Today we live so cowed under the bombardment of this intellectual artillery (the media) that hardly anyone can attain to the inward detachment that is required for a clear view of the monstrous drama. The will-to-power operating under a pure democratic disguise has finished off its masterpiece so well that the object’s sense of freedom is actually flattered by the most thorough-going enslavement that has ever existed.

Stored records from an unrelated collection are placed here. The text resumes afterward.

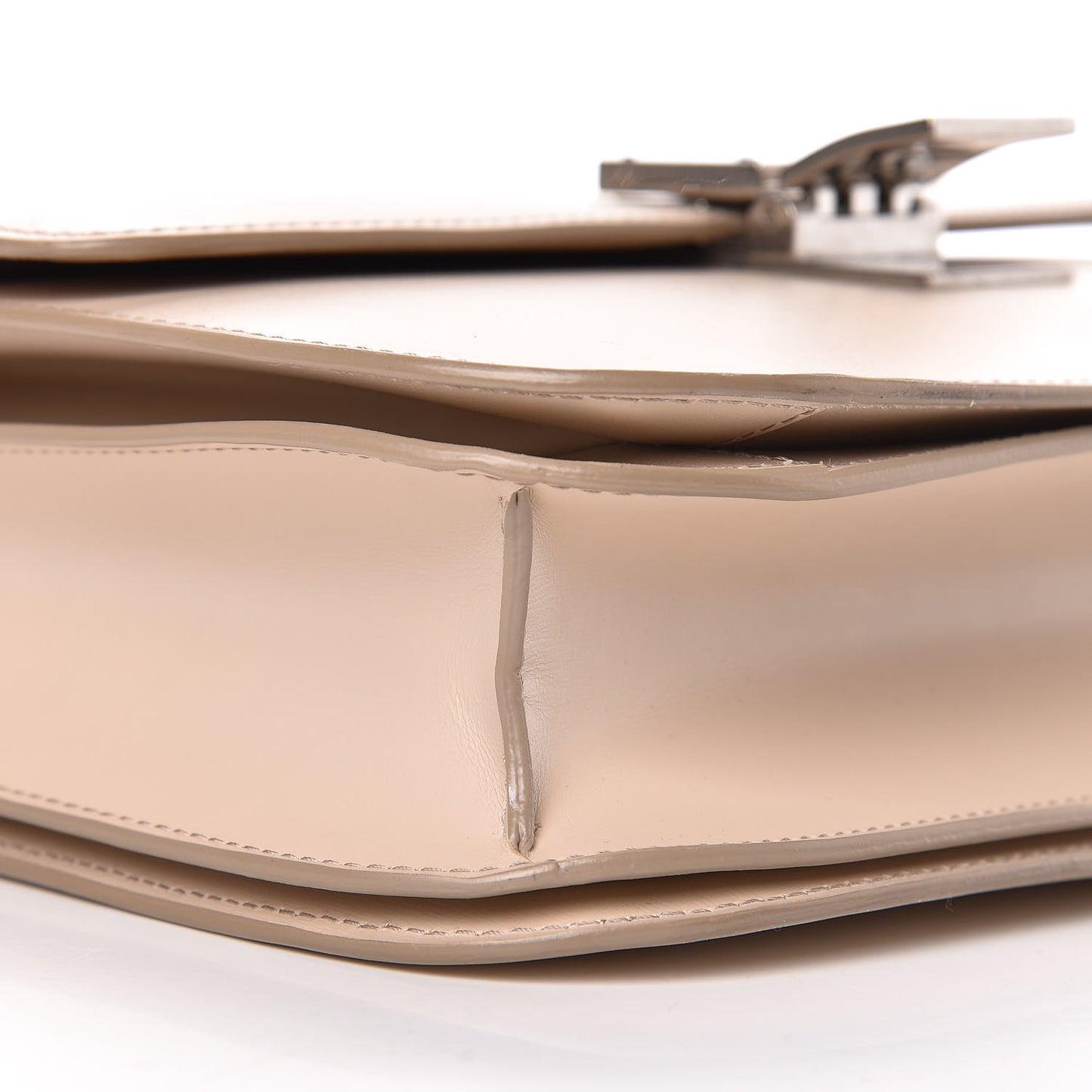 Box Calfskin Medium Classic Box Flap Bag Ballerina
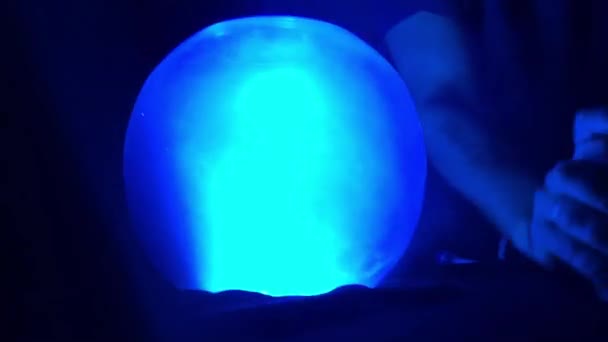 Sphère Verre Brillant Pour Prédictions Close — Video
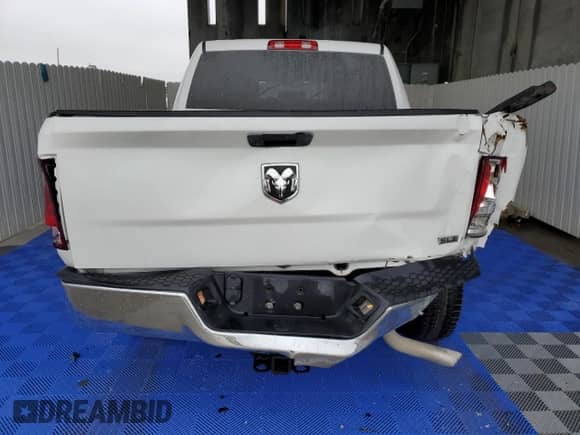 2023 Ram 1500 SLT z VIN 1C6RR6LG7PS518492, wystawiony jako Copart lot #42178125 z przebiegiem 50 670 mil mil oraz Nie do naprawy • Non repairable. Historia ofert i sprzedaży dostępna na DreamBid. Obrazek 6.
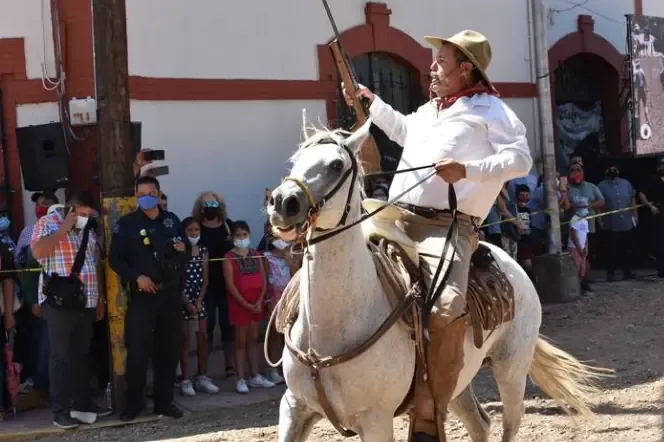 Los vendedores locales aseguran que el recorrido actual afecta sus ventas y piden reconsiderar la ruta.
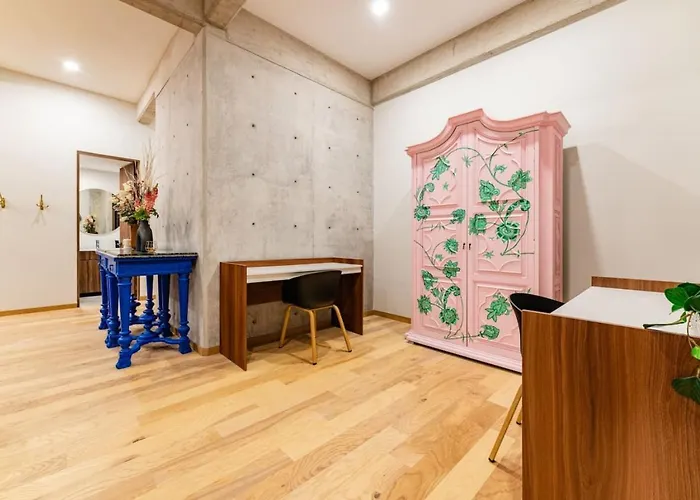 Сasa de vacaciones Stylish Haven W/ Balcony Steps To Jazz Bar & Cafes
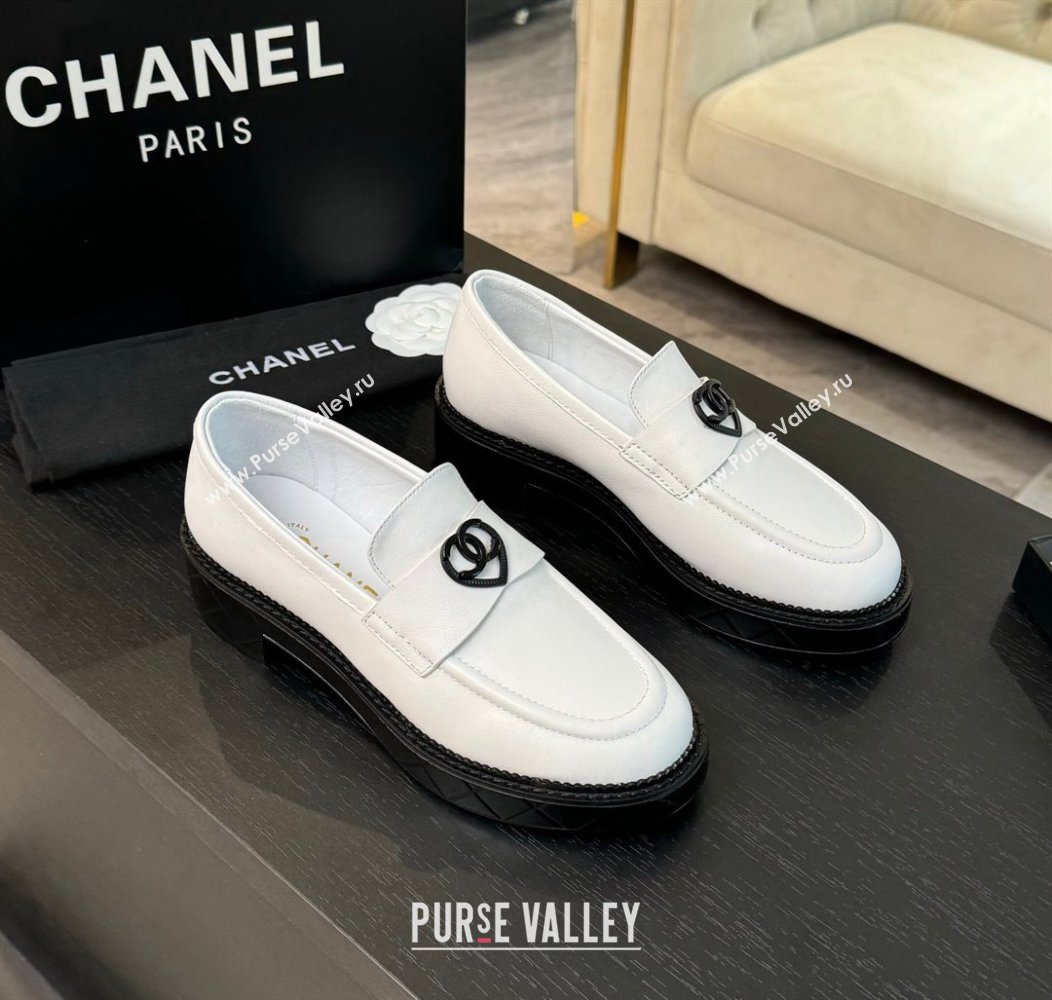 Chanel Calfskin Leather Loafers with Black Heart White 2024 CH112004 (SS-2411120016)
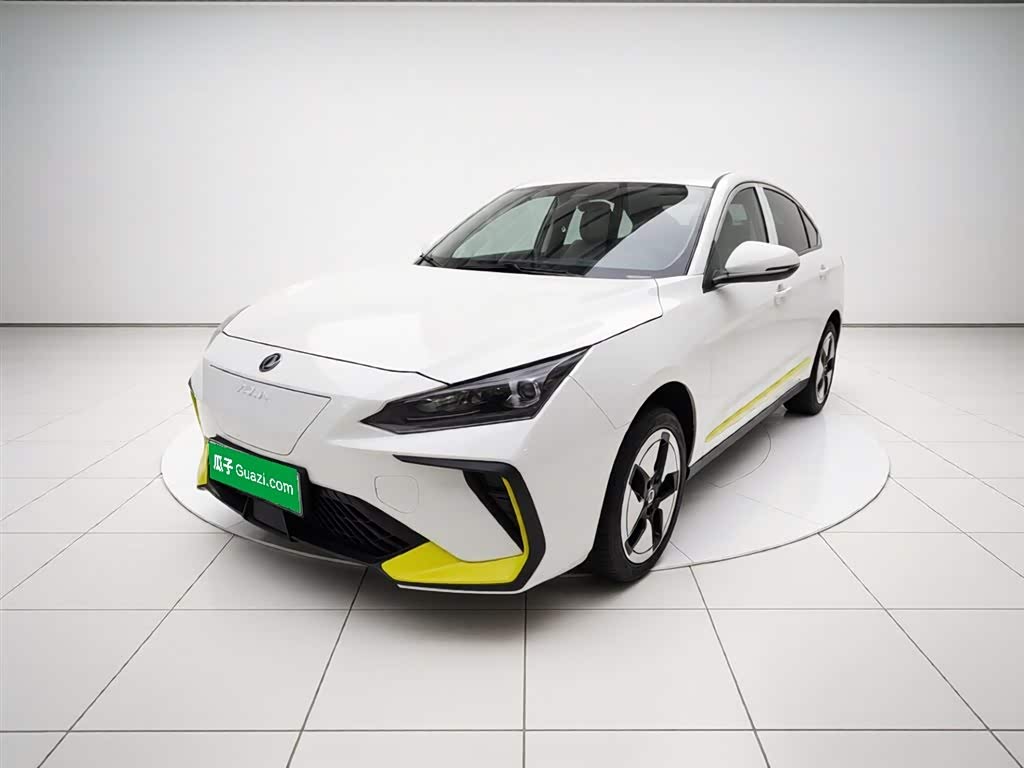 Dongfeng E70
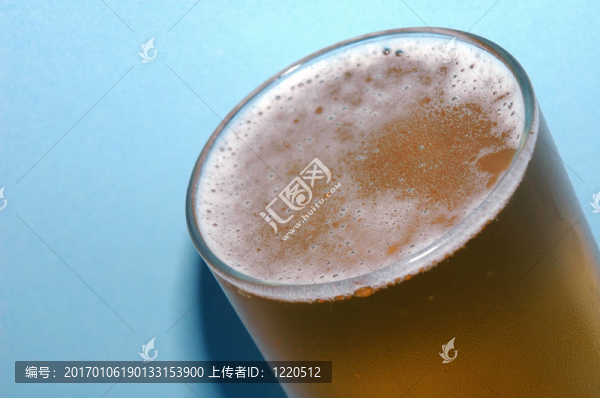 啤酒
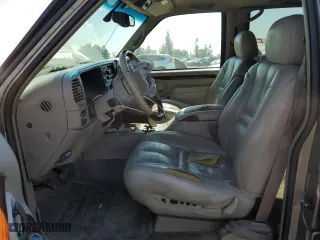 2000 Cadillac Escalade with VIN 1GYEK63R8YR228214, listed as a Copart auction lot 73567434 with 235,399 mi miles and Salvage Title. Bid and sale history available at carsss.com. Image 7.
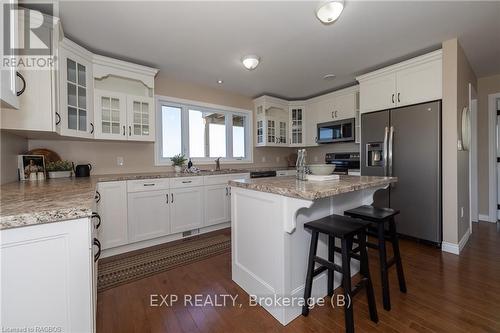 85621 Sideroad 7, Meaford, ON - Indoor Photo Showing Kitchen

4. World Peace and the Liberal Utopia

The question of whether world peace will ever be possible can only be answered by someone familiar with world history. To be familiar with world history means, however, to know human beings as they have been and always will be. There is a vast difference, which most people will never comprehend, between viewing future history as it will be and viewing it as one might like it to be. Peace is a desire, war is a fact; and history has never paid heed to human desires and ideals…

5. The Real Motivation of Socialist and Communists

There is no proletarian, not even a Communist movement, that has not operated in the interests of money, and for the time being permitted by money – and that without the idealists among its leaders having the slightest suspicion of the fact.

6. Destiny

We are born into this time and must bravely follow the path to the destined end. There is no other way. Our duty is to hold on to the lost position, without hope, without rescue, like that Roman soldier whose bones were found in front of a door in Pompeii, who, during the eruption of Vesuvius, died at his post because they forgot to relieve him. That is greatness. That is what it means to be a thoroughbred. The honorable end is the one thing that can not be taken from a man.

7. The Death of Art

One day the last portrait of Rembrandt and the last bar of Mozart will have ceased to be — though possibly a colored canvas and a sheet of notes will remain — because the last eye and the last ear accessible to their message will have gone.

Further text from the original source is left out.